Y-grade is within specification if it meets 1A or 1B standards, per the ASTM copper strip corrosion standard chart in Figure 2.
Figure 2 – ASTM Copper Strip Corrosion Standards
The intermittent inability to pass the copper strip corrosion test in the Y-grade product leaving the Amine Treater led to the Live Oak facility facing the possibility of being shut-in from its Y-grade product pipeline, which would lead to lost revenue due to lost processing time and create a liquids bottleneck for the upstream producers who feed the facility.

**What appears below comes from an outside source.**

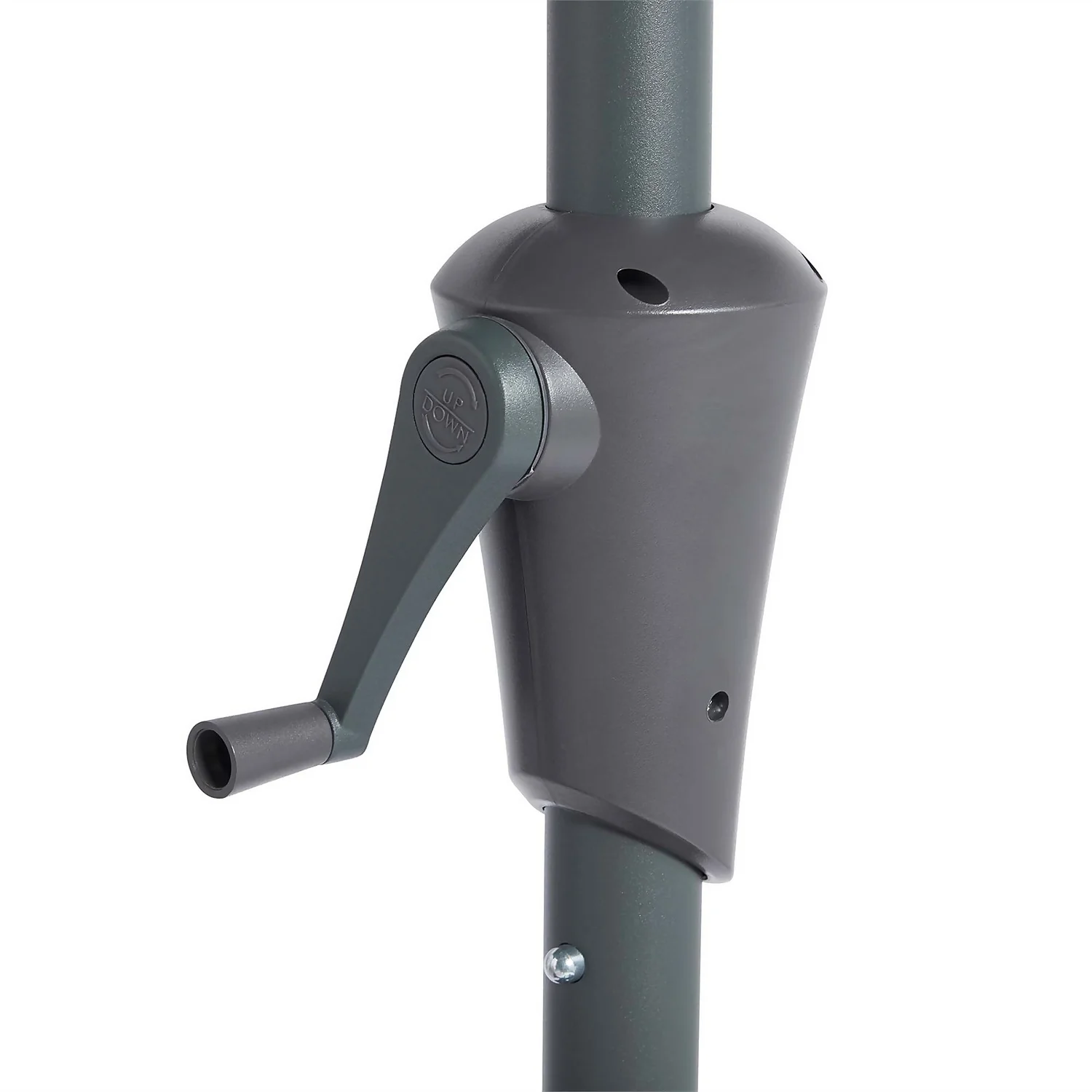 None 2.7m Crank & Tilt Parasol Dark Grey - Dia. 38mm 6 None 2.7m Crank & Tilt Parasol Dark Grey - Dia. 38mm - Image 4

With the cause of the copper strip corrosion failure unknown at the time, switching to a different grade of amine was explored with the hopes of resolving the issue. The Live Oak amine treater had originally been designed and operated using a DEA-based amine. A switch to Dow CR-402 amine was eventually proposed to treat for unaccounted mercaptan species, which at the time was the hypothesis for why the copper strip corrosion test was failing. To reuse some of the DEA in the system, UCARSOL CR-402 was used as makeup amine until such a time that the system only contained UCARSOL CR-402.
The amine system ran mostly without issue for several years after the amine changeout, continually meeting Y-grade product specification until late December 2022. At this time, the copper strip corrosion test failures began to resurface, and the operations team had indicated several operational issues with the unit, particularly in the Amine Still. The Amine Still tower was noted to be showing severe temperature swings on the overhead, ranging anywhere between 140°F to 215°F, rapidly losing temperature at times and not remaining at the desired setpoint of 215°F despite constant heat input via the reboiler, indicative of amine foaming issues.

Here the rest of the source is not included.